2009 IRS FORM 990 INSTRUCTIONS

DEFINITIONS[1]

Director or trustee. A “director or trustee” is a member of the organization’s governing body, but only if the member has voting rights. A director or trustee that served at any time during the organization’s tax year is deemed a current director or trustee. Members of advisory boards that do not exercise any governance authority over the organization are not considered directors or trustees. An “institutional trustee” is a trustee that is not an individual or natural person but an organization. For instance, a bank or trust company serving as the trustee of a trust is an institutional trustee.

Officer. An officer is a person elected or appointed to manage the organization’s daily operations. An officer that served at any time during the organization’s tax year is deemed a current officer. The officers of an organization are determined by reference to its organizing document, bylaws, or resolutions of its governing body, or as otherwise designated consistent with state law, but, at a minimum, include those officers required by applicable state law. Officers can include a president, vice-president, secretary, treasurer and, in some cases, a Board Chair. In addition, for purposes of Form 990, including Part VII, Section A, and Schedule J (Form 990), treat as an officer the following persons, regardless of their titles.

1. Top management official.
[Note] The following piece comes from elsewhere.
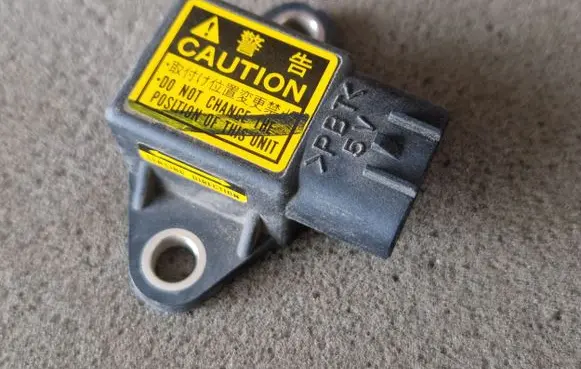 Toyota Hilux (AN10, AN20, AN30) Airbag deployment crash/impact sensor 8944160010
The person who has ultimate responsibility for implementing the decisions of the governing body or for supervising the management, administration, or operation of the organization.

2. Top financial official. The person who has ultimate responsibility for managing the organization’s finances.

If ultimate responsibility resides with two or more individuals (for example, co-presidents or co-treasurers), who can exercise such responsibility in concert or individually, then treat all such individuals as officers.

Key employee. For purposes of Form 990, a current key employee is an employee of the organization (other than an officer, director or trustee) who meets all three of the following tests, applied in the following order:

1. $150,000 Test: Receives reportable compensation from the organization and all related organizations in excess of $150,000 for the calendar year ending with or within the organization’s tax year.

2. Responsibility Test: At any time during the calendar year ending with or within the organization’s tax year:

a. Has responsibilities, powers, or influence over the organization as a whole that is similar to those of officers, directors, or trustees;

b. Manages a discrete segment or activity of the organization that represents 10% or more of the activities, assets, income, or expenses of the organization, as compared to the organization as a whole; or

c. Has or shares authority to control or determine 10% or more of the organization’s capital expenditures, operating budget, or compensation for employees.

3. Top 20 Test: Is one of the 20 employees other than officers, directors, and trustees who satisfy the $150,000 Test and Responsibility Test with the highest reportable compensation from the organization and related organizations for the calendar year ending with or within the organization’s tax year.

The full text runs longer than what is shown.